OPÉRA – Le public de la Cité Bleue Genève avait rendez-vous avec une création pour cette fin de saison 24-25. Job, le procès de Dieu s’attaque au mythe biblique à la sauce Petrossian, compositeur de cette légende qui raconte l’injustice, et qui la conjugue à tous les temps.

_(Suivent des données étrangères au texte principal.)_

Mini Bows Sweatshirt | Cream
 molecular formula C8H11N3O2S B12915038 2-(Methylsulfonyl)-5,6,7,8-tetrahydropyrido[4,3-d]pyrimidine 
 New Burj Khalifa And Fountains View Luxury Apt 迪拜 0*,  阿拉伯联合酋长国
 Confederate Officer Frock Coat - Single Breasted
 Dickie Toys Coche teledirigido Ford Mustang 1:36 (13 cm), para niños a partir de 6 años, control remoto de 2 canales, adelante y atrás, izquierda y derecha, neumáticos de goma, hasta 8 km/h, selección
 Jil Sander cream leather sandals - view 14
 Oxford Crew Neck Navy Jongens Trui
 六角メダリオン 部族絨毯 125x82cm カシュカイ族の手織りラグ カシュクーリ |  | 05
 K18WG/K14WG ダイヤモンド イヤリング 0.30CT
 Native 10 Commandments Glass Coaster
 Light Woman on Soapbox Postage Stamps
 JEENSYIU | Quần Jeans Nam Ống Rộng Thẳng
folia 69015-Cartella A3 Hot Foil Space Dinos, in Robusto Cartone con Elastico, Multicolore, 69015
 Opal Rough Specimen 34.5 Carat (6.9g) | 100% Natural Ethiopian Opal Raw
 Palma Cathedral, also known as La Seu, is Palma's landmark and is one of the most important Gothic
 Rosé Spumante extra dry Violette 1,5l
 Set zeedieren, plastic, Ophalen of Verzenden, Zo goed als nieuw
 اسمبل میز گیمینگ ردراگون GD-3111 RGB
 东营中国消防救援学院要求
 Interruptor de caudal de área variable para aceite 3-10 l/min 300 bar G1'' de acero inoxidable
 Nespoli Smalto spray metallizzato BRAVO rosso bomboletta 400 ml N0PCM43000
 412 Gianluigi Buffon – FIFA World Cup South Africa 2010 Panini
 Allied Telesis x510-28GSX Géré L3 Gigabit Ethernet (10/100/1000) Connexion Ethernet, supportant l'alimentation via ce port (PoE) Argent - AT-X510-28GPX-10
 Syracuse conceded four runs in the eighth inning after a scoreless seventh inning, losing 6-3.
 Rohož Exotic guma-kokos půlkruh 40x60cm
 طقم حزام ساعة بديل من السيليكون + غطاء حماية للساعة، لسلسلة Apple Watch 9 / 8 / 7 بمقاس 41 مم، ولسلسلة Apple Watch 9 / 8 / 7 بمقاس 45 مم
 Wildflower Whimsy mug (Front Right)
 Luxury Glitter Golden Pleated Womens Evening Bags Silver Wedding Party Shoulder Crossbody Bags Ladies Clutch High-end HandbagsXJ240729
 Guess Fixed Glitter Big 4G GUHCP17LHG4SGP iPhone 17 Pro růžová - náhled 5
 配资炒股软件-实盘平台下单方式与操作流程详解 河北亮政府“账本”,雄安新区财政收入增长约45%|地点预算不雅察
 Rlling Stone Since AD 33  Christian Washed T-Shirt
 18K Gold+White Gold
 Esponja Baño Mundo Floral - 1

Stepanakerk, Chareqtar, Keriya : vous ne connaissez pas les noms de ces villes. Et pourtant, à l’heure où vous lisez ces lignes, l’injustice y frappe. Le fort asservit le faible, des familles sont amputées de leurs membres, et des soldats gardent les téléphones de leurs victimes pour empêcher les mères de faire leur deuil. Un appel de temps en temps, pour entretenir l’illusion du retour en faisant apparaître un nom sur un écran. La torture 2.0.

© Giulia Charbit La Cité Bleue

Un mal pour un rien

Dans la Bible aussi, un homme a vécu l’injustice : Job. Pas très longtemps après Adam, premier homme, est apparu Job, première victime de la trahison divine. Pourquoi le tyran céleste a-t-il fait souffrir l’un de ses plus fidèles serviteurs ? Pourquoi a-t-il fait voler ses bêtes et pourrir ses récoltes ? Pourquoi a-t-il fait mourir ses enfants ? Pour rien, sûrement…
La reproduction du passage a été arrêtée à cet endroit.